Geride bıraktığımız 17 Aralık'ta Şeb-i Arûs törenleri ile Mevlana Celaleddin-i Rumi Hazretlerini bir kez daha yâd ettik. 742 sene önce dâr-ı bekaya yürüyen Mevlana bugün "Rumi" adı ile dünyanın heryerinde tanınıyor ve en büyük eseri Mesnevi, 20 dilde okunuyor.
13'üncü yüzyılın bu büyük alim, bilge ve sanatkarı, çetin ve zorlu bir istilanın ortasında, karmaşa ve kaosun hakim olduğu bir dönemde yaşadı. Anadolu, iki defa Moğol istilasına uğramış; Moğollar, Anadolu'yu yakıp yıkmış ve harabeye çevirmişlerdi.
Acı ve umutsuzluğun kol gezdiği bir zamanda Mevlana insanoğlunu akla, imana, sabır, hoşgörü ve sevgiye çağırdı. Şems-i Tebrizi ile dostluğunun yol açtığı kıskançlık ve hüzün, onu daha fazla yazmaya sevketti. Mesnevi, Divan-ı Kebir ve Fihi Mafih gibi ölümsüz eserlerini böyle bir ortamda kaleme aldı. Dehşetin ve savaşın ortasında inancın, metanetin, hakikatin ve güzelliğin sakin ve gür sesi oldu.
İçinde yaşadığımız dünyanın kötülüklerine, çirkinliklerine bakınca Mevlana'ya tekrar kulak vermenin ne kadar önemli olduğunu bir kez daha görüyoruz. Savaşların, işgallerin, ırkçılığın, terörün, bağnazlığın ve ihanetin kol gezdiği bir dünyada Mevlana sığınılacak bir liman, güvenilecek bir dost, peşinden gidilecek bir mürşittir.
Bir an bu çılgınlıktan sıyrılıp, "Biz kimiz, evrende varoluş amacımız nedir?" diye sorduğumuzda, Mevlana'nın bu "büyük sorulara"verilecek derinlikli ve sahici cevapları olduğunu görürüz.

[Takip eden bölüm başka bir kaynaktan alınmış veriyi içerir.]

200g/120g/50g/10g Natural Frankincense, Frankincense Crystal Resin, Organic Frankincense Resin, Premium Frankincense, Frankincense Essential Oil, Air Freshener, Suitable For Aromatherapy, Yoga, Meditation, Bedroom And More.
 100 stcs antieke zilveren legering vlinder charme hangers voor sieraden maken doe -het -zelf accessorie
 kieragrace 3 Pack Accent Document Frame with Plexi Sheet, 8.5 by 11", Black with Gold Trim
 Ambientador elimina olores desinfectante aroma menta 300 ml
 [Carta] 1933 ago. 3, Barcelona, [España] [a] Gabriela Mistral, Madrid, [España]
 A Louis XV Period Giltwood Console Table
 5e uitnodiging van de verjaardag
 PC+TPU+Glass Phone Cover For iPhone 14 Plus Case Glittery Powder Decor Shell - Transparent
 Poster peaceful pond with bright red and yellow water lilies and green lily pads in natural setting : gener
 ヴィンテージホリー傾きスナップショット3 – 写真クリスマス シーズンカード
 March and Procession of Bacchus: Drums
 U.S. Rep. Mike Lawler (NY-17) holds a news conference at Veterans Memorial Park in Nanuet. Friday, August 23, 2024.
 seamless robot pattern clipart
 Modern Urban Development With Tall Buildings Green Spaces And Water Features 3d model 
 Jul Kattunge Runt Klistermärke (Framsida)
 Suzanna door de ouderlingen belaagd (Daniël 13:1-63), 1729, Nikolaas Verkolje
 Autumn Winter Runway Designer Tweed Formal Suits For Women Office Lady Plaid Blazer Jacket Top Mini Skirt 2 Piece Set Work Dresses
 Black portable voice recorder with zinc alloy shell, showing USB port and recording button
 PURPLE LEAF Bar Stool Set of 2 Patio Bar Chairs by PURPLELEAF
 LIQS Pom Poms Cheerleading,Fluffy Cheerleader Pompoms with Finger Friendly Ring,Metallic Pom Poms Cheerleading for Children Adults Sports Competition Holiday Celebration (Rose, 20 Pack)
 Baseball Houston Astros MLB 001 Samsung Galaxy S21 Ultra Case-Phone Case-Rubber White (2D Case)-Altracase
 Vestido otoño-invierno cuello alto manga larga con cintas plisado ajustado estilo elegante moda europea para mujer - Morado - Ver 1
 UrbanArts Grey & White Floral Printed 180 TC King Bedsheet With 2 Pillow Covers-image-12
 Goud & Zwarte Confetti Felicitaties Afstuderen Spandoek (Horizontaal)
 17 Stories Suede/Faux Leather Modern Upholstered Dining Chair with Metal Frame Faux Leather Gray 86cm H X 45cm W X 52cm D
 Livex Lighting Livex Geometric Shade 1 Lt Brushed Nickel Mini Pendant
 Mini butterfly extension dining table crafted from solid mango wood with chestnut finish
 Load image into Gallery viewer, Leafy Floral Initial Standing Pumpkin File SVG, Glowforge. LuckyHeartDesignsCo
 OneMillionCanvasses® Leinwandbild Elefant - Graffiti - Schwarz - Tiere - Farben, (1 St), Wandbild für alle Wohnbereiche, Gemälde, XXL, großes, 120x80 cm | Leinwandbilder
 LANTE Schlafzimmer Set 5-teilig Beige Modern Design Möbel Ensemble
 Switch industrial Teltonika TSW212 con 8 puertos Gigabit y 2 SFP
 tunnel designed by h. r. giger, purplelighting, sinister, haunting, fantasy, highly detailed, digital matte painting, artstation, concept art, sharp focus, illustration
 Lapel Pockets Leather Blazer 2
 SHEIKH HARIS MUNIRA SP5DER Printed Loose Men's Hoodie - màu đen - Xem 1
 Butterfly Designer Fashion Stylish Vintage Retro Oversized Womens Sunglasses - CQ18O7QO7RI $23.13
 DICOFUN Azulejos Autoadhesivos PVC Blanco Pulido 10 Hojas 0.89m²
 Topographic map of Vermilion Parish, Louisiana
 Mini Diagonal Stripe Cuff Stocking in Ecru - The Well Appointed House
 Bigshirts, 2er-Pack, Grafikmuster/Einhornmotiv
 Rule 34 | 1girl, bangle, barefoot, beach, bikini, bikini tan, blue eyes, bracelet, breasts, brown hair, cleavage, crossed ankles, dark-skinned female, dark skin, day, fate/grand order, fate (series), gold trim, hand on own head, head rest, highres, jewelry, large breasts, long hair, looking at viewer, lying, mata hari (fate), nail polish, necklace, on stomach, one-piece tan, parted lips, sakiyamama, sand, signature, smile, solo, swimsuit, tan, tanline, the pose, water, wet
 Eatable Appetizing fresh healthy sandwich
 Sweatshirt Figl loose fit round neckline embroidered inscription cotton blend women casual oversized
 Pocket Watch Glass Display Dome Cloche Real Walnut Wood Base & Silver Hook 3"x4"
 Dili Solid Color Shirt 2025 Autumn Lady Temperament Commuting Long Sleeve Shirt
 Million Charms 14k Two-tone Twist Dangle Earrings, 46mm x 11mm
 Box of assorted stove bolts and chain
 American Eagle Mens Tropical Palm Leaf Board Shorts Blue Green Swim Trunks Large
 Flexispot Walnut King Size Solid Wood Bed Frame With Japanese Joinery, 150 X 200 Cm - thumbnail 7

Bugün Mevlana Hazretleri dünyada bir "mistik"olarak tanınıyor. Kendisine ait olan veya olmayan sözler sosyal medyada paylaşılıyor. Fakat mistik kelimesinin dar anlamı ve yanlış çağrışımları dikkate alındığında tabloyu daha net bir şekilde ortaya koymamız gerekiyor.
Mevlana büyük bir derviş ve mürşitti. Aynı zamanda bir İslam alimiydi. Konya'da İslami ilimler okuttu. Çağının en büyük hikmet sahibi filozoflarından biri olarak gerçek bir sanatkar ve şairdi. Bugün fikirleri bütün dünyada insanlığın hikmet mirasının ve ruh güzelliğinin en seçkin örnekleri olarak ilgi görüyor.
O kendisini Allah'ın aciz bir kulu, Hz. Muhammed'in yolunun bir hizmetkarı ve Kur'an'ın bir "bendesi" olarak tanımlar. Bütün öğretilerini İslam inancı ile temellendirmişti. Bugün bazılarının yansıtmaya çalıştığı gibi Mevlana ne bir "yaşam gurusu" ne de iman ve amelden yoksun bir "maneviyatçı" idi.